Tourism is the economic mainstay, with service industries supporting the large number of annual visitors. For most of its history, San Francisco has been the financial center of the West Coast, but since the early 1970s the city has had to compete with Los Angeles for this distinction. Finance remains one of the most important activities; the city is still hq. to 3 of the country’s largest commercial banks as well as a Federal Reserve bank and the Pacific Stock Exchange. More than 600 insurance companies are based here. San Francisco is also the marketplace for a large agr. and mining region and the focus of many transportation routes. Along with the busy port of Richmond across the bay to NE, and Oakland Harbor (San Leandro Bay) to E, San Francisco and the Bay Area form one of the largest ports on the West Coast and are a major center of trade with East Asia, Australia, S. Amer., Mexico, Canada, Hawaii, and Alaska. Although mfg. in San Francisco has declined, the clothing and food-processing industries remain important. Tourism is also very important. The city was founded in 1776, when a Span. presidio and a mission were established at a location chosen by Juan Bautista de Anza. The little settlement called Yerba Buena was still a village when the Mex.-Amer. War broke out and a naval force under Commodore John D. Sloat took it (1846) in the name of the U.S. It was then renamed San Francisco.

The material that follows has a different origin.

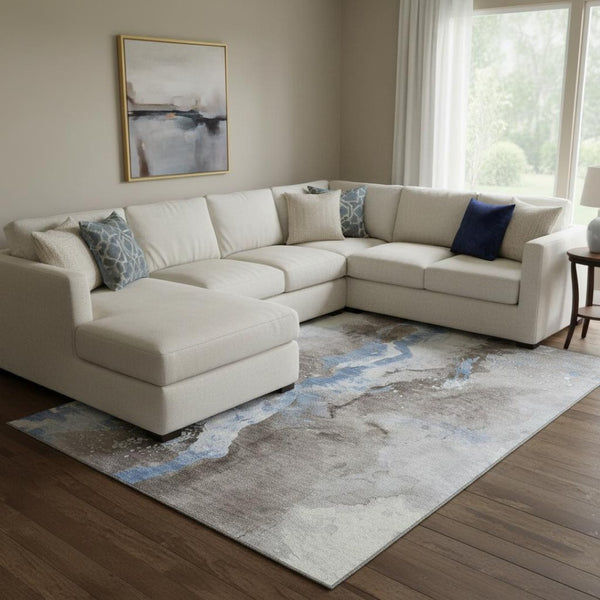 HomeRoots 8' X 10' Modern Abstract Washable Area Rug in Taupe, Blue & Ivory - UV Protection & Stain Resistant 697960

When gold was discovered in Calif. in 1848, San Francisco had a pop. of c.800; 2 years later it was inc. (1850) with a pop. of c.25,000. The rush of gold seekers, adventurers, and settlers brought a period of lawlessness, when the Barbary Coast wharf dist. flourished. The city took on a cosmopolitan air, with newcomers arriving from all over the world. In this period the 1st Chinese settled in the city, and San Francisco’s legendary Chinatown is among the largest communities of Chinese in the U.S.
In the years after the gold rush, San Francisco continued to grow as Calif. became linked overland with the East, by the pony express in 1860 and by the transcontinental RR in 1869. On the morning of April 18, 1906, the great San Andreas fault, which extends up and down the Calif. coast, at this point lying submerged just W of the city’s Pacific coast, shifted violently, and San Francisco was shaken by an earthquake which, together with the sweeping 3-day fire that followed, all but destroyed the city. Earthquakes have since continued to plague the city and its environs; in Oct. 1989, a severe earthquake hit the Bay Area, wreaking most damage on Oakland, the Bay Bridge, and local highways.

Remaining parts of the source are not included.